片瀬山住宅地の開発の際(←住宅地造成の頃)、三井不動産が計画・建設し、今から半世紀も前になる1972年に開園したのがポーロニア学園片瀬山幼稚園です。そして2017年3月の卒園式を最後に閉園しました。この間約1700人が卒園し、卒園生はもちろん、保護者の方も懐かしい思い出がいっぱいの場所です(幼稚園園歌について)。今は新しい市民の家用地として樹木の一部を残して更地になっています。

開園当時の片瀬山幼稚園 正門から 遠藤 現さんご提供

保護者の方の記憶では・・
開園に近い頃の卒園生の保護者の方のお話では、「卒園式で、園長先生が描いた似顔絵やメッセージなどと一緒に、梅の苗木を記念樹として贈ってくれました。」「その木が成長して梅の実をつけています。」「それで梅酒をつけています」と、今でもそれらの梅の木は現役で活躍しています。

卒園生保護者の方の家の梅 繁った葉の間に実がなっており、それを漬けた梅酒です

はじめの頃は園長先生が育てた苗木だった
その後、開園当時やその後幼稚園に勤務されていた方々にお話を聞くことができ、この卒園式の梅について様々なことがわかりました。
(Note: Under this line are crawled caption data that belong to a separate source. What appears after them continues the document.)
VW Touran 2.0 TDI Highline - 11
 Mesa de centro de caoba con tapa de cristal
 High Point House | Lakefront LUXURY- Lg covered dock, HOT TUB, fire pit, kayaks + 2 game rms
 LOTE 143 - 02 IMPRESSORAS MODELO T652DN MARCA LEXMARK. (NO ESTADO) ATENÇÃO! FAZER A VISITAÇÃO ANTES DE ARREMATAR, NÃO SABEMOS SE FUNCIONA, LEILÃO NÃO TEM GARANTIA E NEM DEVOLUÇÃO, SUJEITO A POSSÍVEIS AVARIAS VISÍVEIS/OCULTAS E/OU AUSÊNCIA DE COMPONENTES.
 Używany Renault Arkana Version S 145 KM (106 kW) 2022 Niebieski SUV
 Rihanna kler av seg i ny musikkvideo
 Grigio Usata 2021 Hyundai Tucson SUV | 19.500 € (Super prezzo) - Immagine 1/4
「卒園記念として梅を贈ることは初代早川園長先生・2代目の杉山園長先生が始められました。」「園芸がご趣味だった杉山先生が、ご自分で育てた苗木を自宅から抱えて持ってきて卒園式で渡していました。」「杉山園長(1980年頃まで)退任後も毎年梅の木が贈られ続けました。」と思い出していただき、卒園生の方の証言が裏付けられました。さらに、2000年頃は梅の木の苗木は茨城県にある同じポーロニア学園の幼稚園にお願いして入手してもらっていたこと、白加賀という品種(東日本で多い品種 和歌山に次いで梅が栽培される群馬県で特に多い)だったことなど、その後の舞台裏の様子もわかりました。こうして長きにわたり沢山の卒園生のお宅で梅の木が大きくなっているのですから、片瀬山に梅の木が多いのも頷けます。

白加賀(シロカガ)梅の園芸品種図鑑より

贈られなくなったのはいつ頃?
21世紀を迎え、時代とともに環境が変わってきました。園バスが導入され片瀬山の外から通うこどもたちも増え、その中にはマンションに住むご家庭もあります。せっかくの梅の木も育てることができません。そうした保護者の声も多く聞かれるようになり、2004年か2005年頃梅の苗木のプレゼントは見直され、以降は別の記念品が贈られるようになったそうです。私の息子は終わりの頃の卒園生なので、梅の木の事は知らなかったのです。

今年も卒園生のいたご家庭の梅には梅の実が・・

毎年たくさんの梅を梅酒や梅干にして子供たちや親戚に配る方も多いでしょう

別の卒園生のお宅でも今年も卒園記念樹の梅の木に沢山の梅の実がなりました。収穫した梅、計8kg近くを半分は梅酒、半分は梅干しにしました。できあがるまであともう少しです。梅酒や梅干しを通して巣立ったお子さんが幼稚園に通った頃の事を思い出すご両親も多いのではないでしょうか。

園庭の梅の木で作った梅ジュースの味
また、かつての先生から、こんなお話も聞くことができました。園庭には5-6本の梅の木がありました。毎年沢山の実がなり、落ちている実を園児たちが拾って匂いを嗅いだり触ったりしていました。それを見たある先生の提案で、2000年頃に梅ジュース作りが始まり、プールの後やお泊り会で毎年飲まれるようになりました。夏になると、梅ジュースの味を懐かしく思う卒園生もいらっしゃるかもしれません。
今も残る園庭の梅の木
園庭に遊ぶ子供たちを見ていた梅の木が今でも1本、園庭跡の隅に残っています。春には花をつけ、6月には昔と同じように足もとには実が落ちていました。卒園生の皆さん、実家の梅の木、園庭跡の梅の木に会いにいってみませんか?